The Rediff Interview/Uma Ganesh, CEO, Kalzoom Technologies

5 things entrepreneurs must do to succeed

Rediff Business Desk | December 04, 2006


Uma Ganesh, CEO, Kalzoom Technologies.

Uma Ganesh is the CEO and principal consultant, Kalzoom Technologies. Kalzoom Technologies is focussed on providing boutique solutions in business transformation with a large focus on knowledge management and e-learning.

She did her Ph.D from Indian Institute of Technology, Bombay, in 2004.

She was earlier CEO of Zee Interactive Learning Systems and vice president at Aptech. She has also worked with Fibre Glass Pilkington, Oasis, and Crompton Greaves. She was awarded IT Woman of the Year Award for 2001 and has been actively involved with professional bodies such as Nasscom, CII, NACT and CSI.

In interview with rediff.com, Uma Ganesh spoke about the Pan-IIT Global Conference to be held in Mumbai from December 23 to December 25, about how IIT-ians have helped transform India, and what young IIT-ians and entrepreneurs must do to succeed. Excerpts:

'Inspire, Involve and Transform India.' Can you dwell upon the significance of the theme for this year's Pan-IIT global conference?

India has made tremendous progress in all sectors during this decade and the IIT community has made stellar contributions to this success. The success of many IIT alumni serves is a lodestone of inspiration for the youth of the country and it is important for all of us to think of maximum levels of inclusion as our successes become a wave that builds momentum for our countrymen.

It is only this ability to inspire and involve that will lead to true rapid and sustainable transformation in our country. As our country approaches a tryst with a global destiny, this theme assumes enormous significance for the conference and its deliberations.

How do IIT-ians plan to give back to their country and to transform it?

IIT-ians have already done great work in giving back to their country, whether they have built their careers abroad like Rajat Gupta of McKinsey and the late Arun Kumar of Hughes and Flextronics, or in India like Ashank Desai of Mastek and Ganesh Natarajan of Aptech and Zensar.

The recognition of the country and its capabilities in areas ranging from management consulting to computer training to software and telecom products and services has been the result of the endeavours of these and many thousands of other IIT-ians who have taken their companies and their country to success on the world stage.

IIT-ians are the pride of India. What do you think is the biggest contribution of IIT-ians to India?

The power of our intellect, the inspiration many others derive from our success and the transformation we are bringing in the capabilities and mindsets of others who work for and with us. I believe that the generosity of IIT-ians who have come back and given their ideas, time and money freely to others in the country is our biggest contribution.

What is it about IITs that sets its graduates apart from others?

The quality of its intake, the process of providing outstanding education and the supremacy of its output sets it apart from the best of the rest in India and abroad.

When you made it to IIT; what was that experience like?

I did my PhD in IIT Bombay and that experience was truly rewarding. As CEO of Zee Interactive Learning Systems, one of India's pioneers in multimedia education, I thought I knew a lot, but the process of interacting with peers and many with superior intellect and experience taught me the virtues of humility and gave me a thirst for knowledge which persists to this day.

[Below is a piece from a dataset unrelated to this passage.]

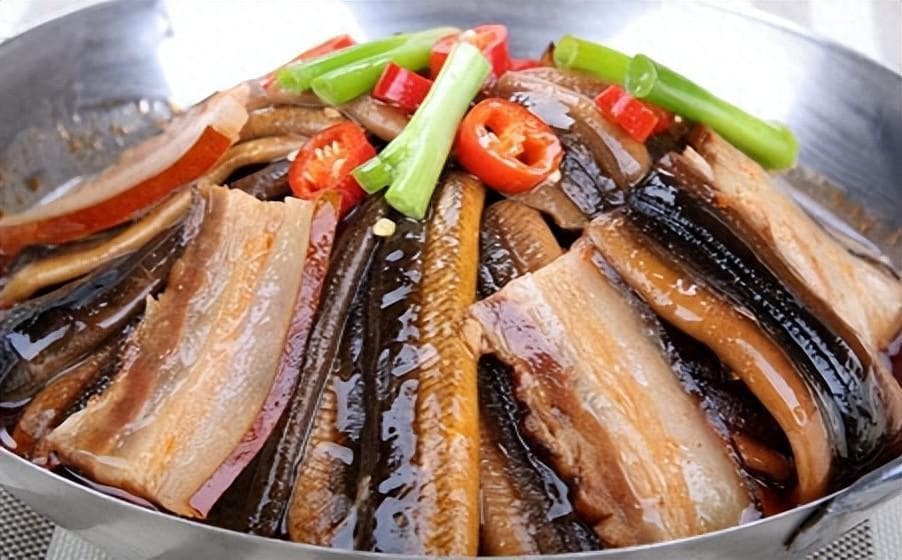 常吃"鳝鱼"有啥好处？医生：或能解决6个问题，这5种人不能贪嘴
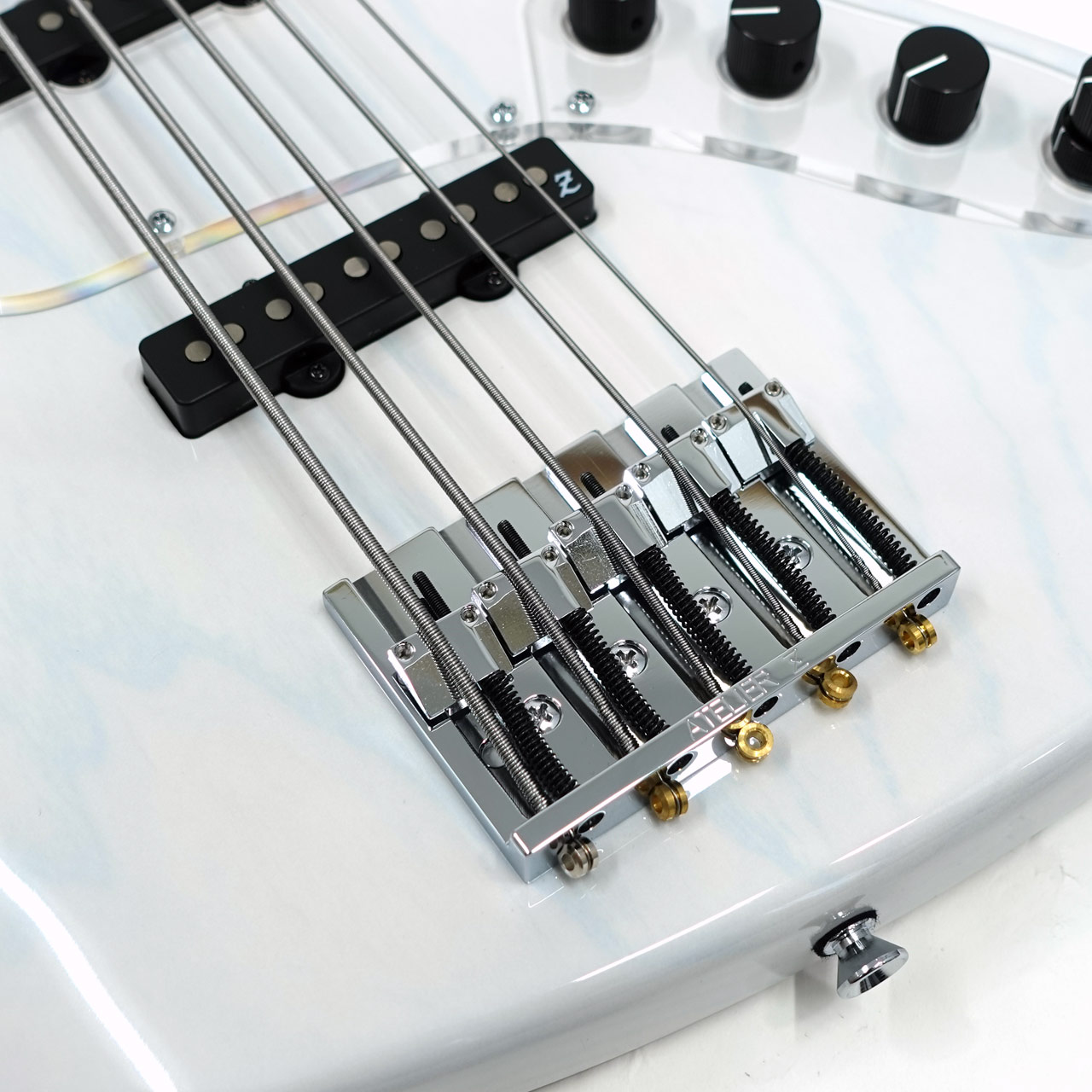 ATELIER Z Beta 5 CUSTOM Trans White MH / M | ワタナベ楽器店 大阪店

Did you have any role model who inspired you in your career?

Mr F C Kohli, the 'Bhishma Pitamah' of the Indian IT industry who can justifiably claim to have set the wheels in motion for building this truly world class industry in the last twenty five years and more.

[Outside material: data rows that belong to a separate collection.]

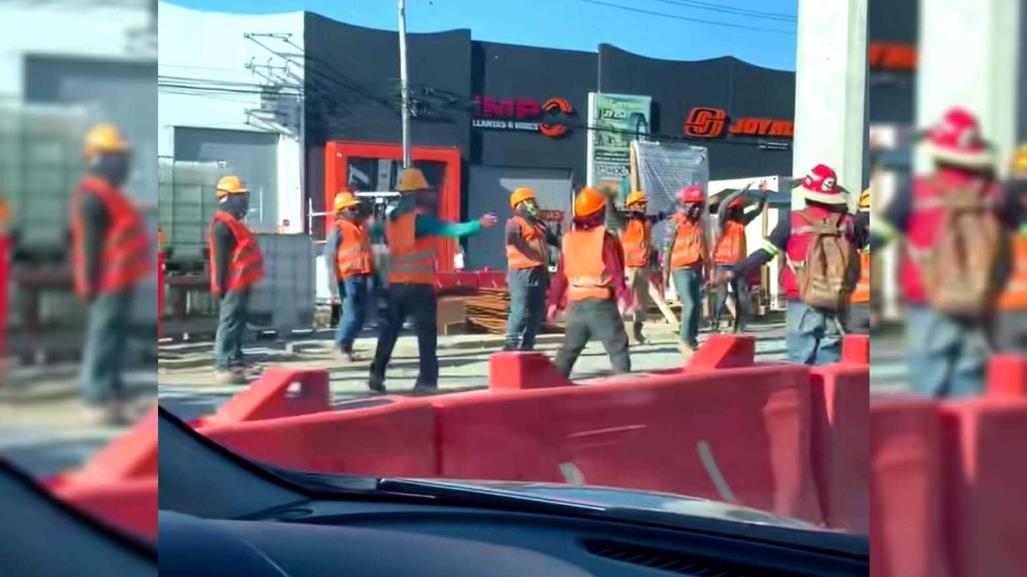 ¡Hombres de acción! Graban a obreros haciendo ejercicio en Monterrey (VIDEO)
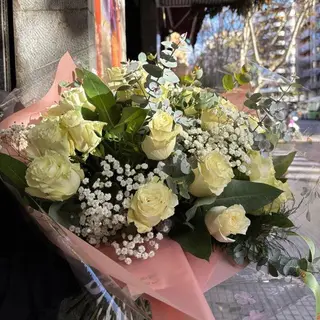 Ramo 12 rosas blancas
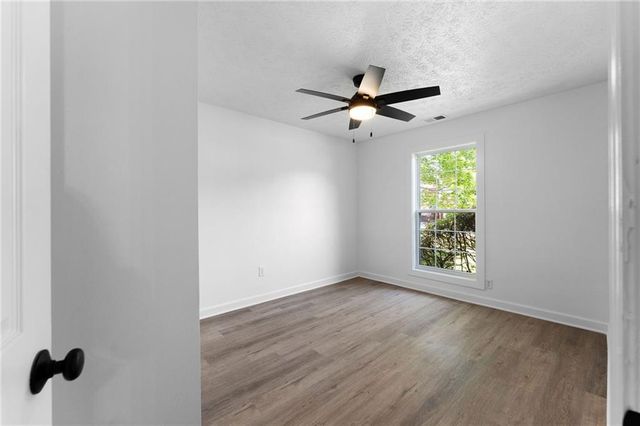 20 Mallet Pointe NE, Cartersville, GA 30121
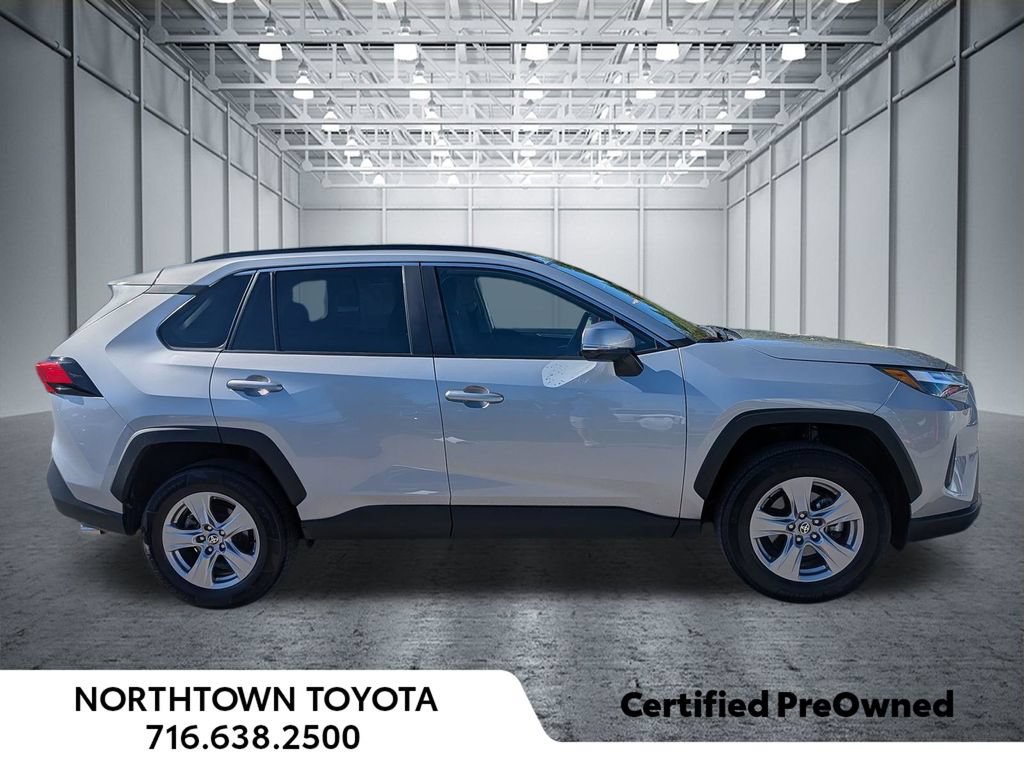 Used 2025 Toyota RAV4 XLE AWD/4WD image 15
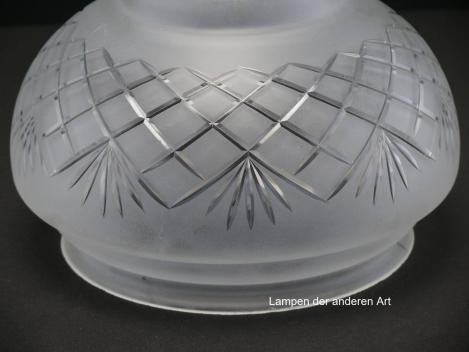 Preview: Jugendstil Lampenschirm, Kuppelschirm gebraucht, Glas grau satiniert mit Schliff, final Strahlen, umlaufend Rautenband, Wandung zweifach geschnürt, D: ca. 20cm, H: ca. 15cm, antikes Ersatzglas, Detail Schliffband
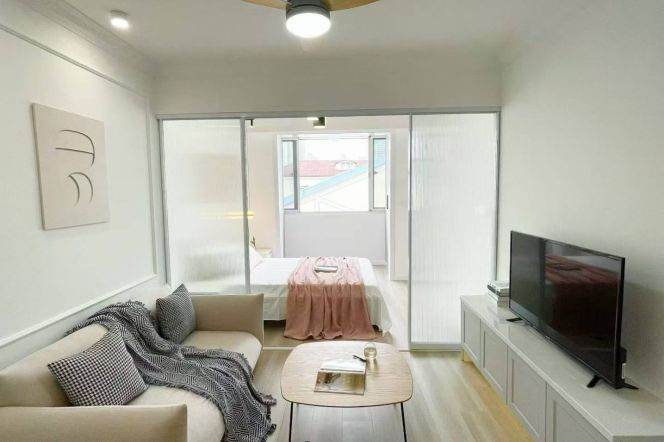 1BR Apartment near Jiangsu Rd Metro (L2/L11)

How did the IIT help build your career and personality. How does the IIT-ian network help?

I have not really leveraged the entire IIT alumni network but the frequent interactions with peers in the industry who are IIT graduates like Ashank Desai, Anand Patwardhan, Saurabh Shrivastava and Arun Kumar and, of course, the fact that I am married to another PhD from IIT has helped in many ways to widen my knowledge boundaries and deepen my insights into the world of business and technology.

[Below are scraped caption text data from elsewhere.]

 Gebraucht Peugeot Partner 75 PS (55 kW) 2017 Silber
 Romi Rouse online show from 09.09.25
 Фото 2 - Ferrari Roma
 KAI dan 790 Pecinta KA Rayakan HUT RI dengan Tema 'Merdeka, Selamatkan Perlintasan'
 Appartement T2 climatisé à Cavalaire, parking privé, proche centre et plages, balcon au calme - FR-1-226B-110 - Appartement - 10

Tell us about your entrepreneurial journey and how the IIT education has helped shape it? What is Kalzoom Technologies?

Kalzoom Technologies was founded to test my PhD hypothesis that successful entrepreneurial ventures need a 'knowledge force' to sustain them through the trials and tribulations that every new venture goes through.

Kalzoom has pushed the boundaries of knowledge in the area of e-learning and knowledge management and has developed technologies that enable content to be repurposed and distributed through corporate universities on the internet and other interactive media.

Could you tell us five things that young IIT-ians, entrepreneurs must do to succeed?

  • Come up with a compelling idea.
  • Have a well thought out execution plan.
  • Execute as planned and demonstrate success quickly.
  • Be passionate about your idea, articulate it well.
  • Build a core team that buys into your idea.

What are the challenges that India faces in the new millennium? How can IIT-ians help address these challenge?

While we are euphoric about our success and progress made thanks to the services sector driven by IT and BPO, with more than 50 per cent of our population being under 25, we have a monumental task in our hands.

Amongst the many challenges that India faces in the new millennium, foremost relate to creating jobs for the millions, basic education for all and ensuring social equality of opportunities for all segments of the society. Job creation in sizeable numbers is possible only through manufacturing or agriculture sectors. The level of investment and associated infrastructure support require urgent and priority attention if these two sectors have to show any momentum.

We need to find urgent ways to stop suicides amongst farmers and migration of people in large numbers from rural to urban areas in search of jobs. We need an integrated approach to address these problems which touch upon employment, fair remuneration for produce from farms, level playing field in the international market for the goods manufactured in India, bridging information and infrastructure gaps and transparent and efficient governance. How do we achieve this?

It is pointless to keep saying that we have limited resources, we have started initiatives on various fronts, we will see results by and by, etc.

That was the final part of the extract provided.